I have been reading about neo4j last few days. I got very confused about whether I need to use REST API or if can I go with Java APIs.
My need is to create millions of nodes which will have some connection among them. I want to add indexes on few of node attributes for searching. Initially I started with embedded mode of GraphDB with Java API but soon reached
OutOfMemorywith indexing on few nodes so I thought it would be better if my neo4j is running as service and I connect to it through REST API then it will do all memory management by itself by swapping in/out data to underlying files. Is my assumption right?
Further, I have plans to scale my solution to billion of nodes which I believe wont be possible with single machine’s neo4j installation. I also believe Neo4j has the capability of running in distributed mode. For this reason also I thought continuing with REST API implementation is best idea.
Though I couldn’t find out any good documentation about how to run Neo4j in distributed environment.
Can I do stuff like batch insertion, etc. using REST APIs as well, which I do with Java APIs with Graph DB running in embedded mode?

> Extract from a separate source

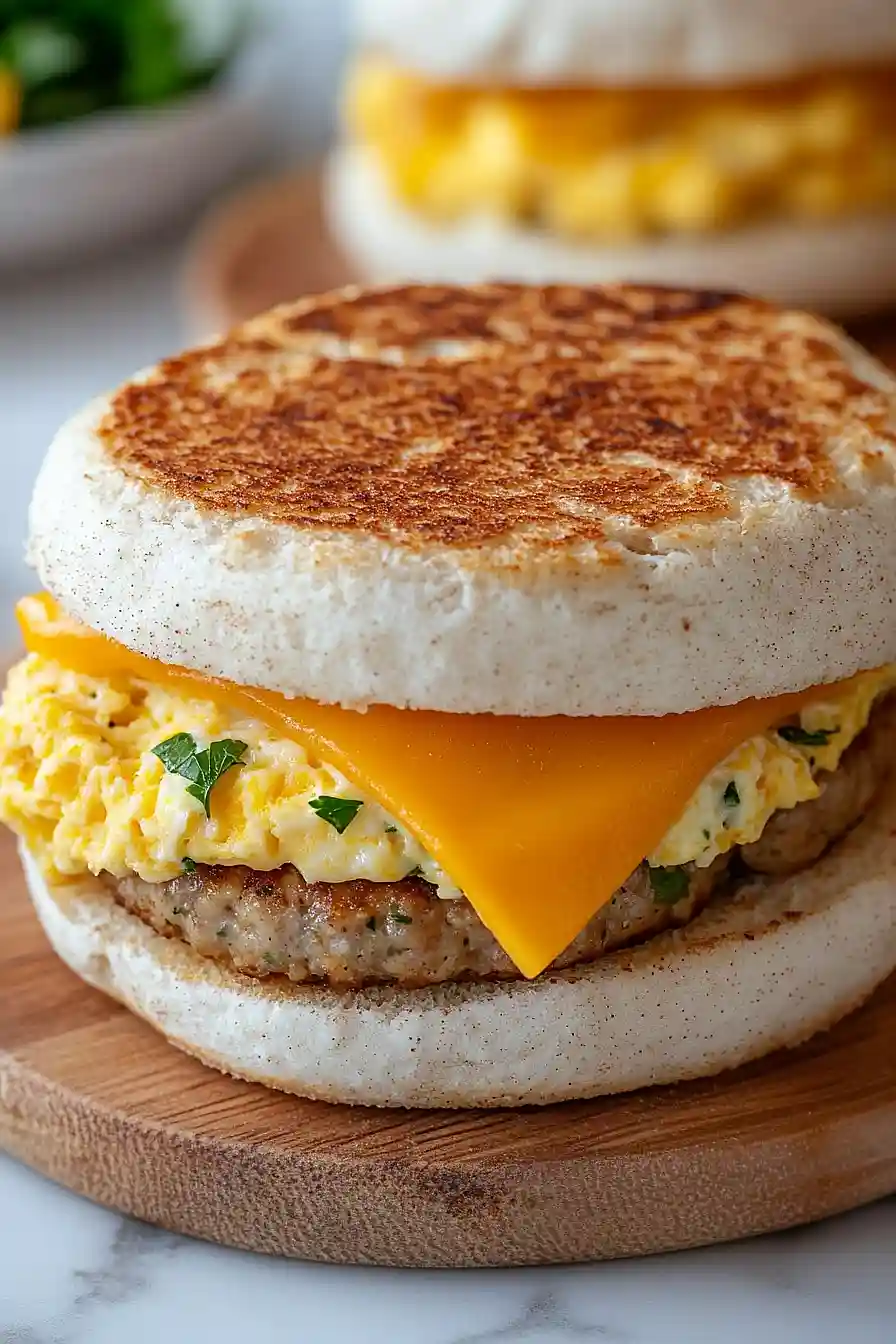 freezer breakfast sandwiches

Do you know why you are getting your
OutOfMemoryException? This sounds like you are creating all these nodes in the same transaction, which causes it to live in memory. Try committing small chunks at a time, so that
Neo4jcan write it to Disk. You don’t have to manage the memory of Neo4j aside from things like cache.
Distributed mode is in a Master/Slave architecture, so you’ll still have a copy of the entire DB on each system. Neo4j is very efficient for disk storage, a Node taking 9 Bytes, Relationship taking 33 Bytes, properties are variable.
There is a Batch REST API, which will group many calls into the same HTTP call, however making REST calls is still a slower then if this were embedded.
There are some disadvantages to using the REST API that you did not mentions, and that’s stuff like transactions. If you are going to do atomic operations, where you need to create several nodes, relationships, change properties, and if any step fails not commit any of it, you cannot do this in the REST API.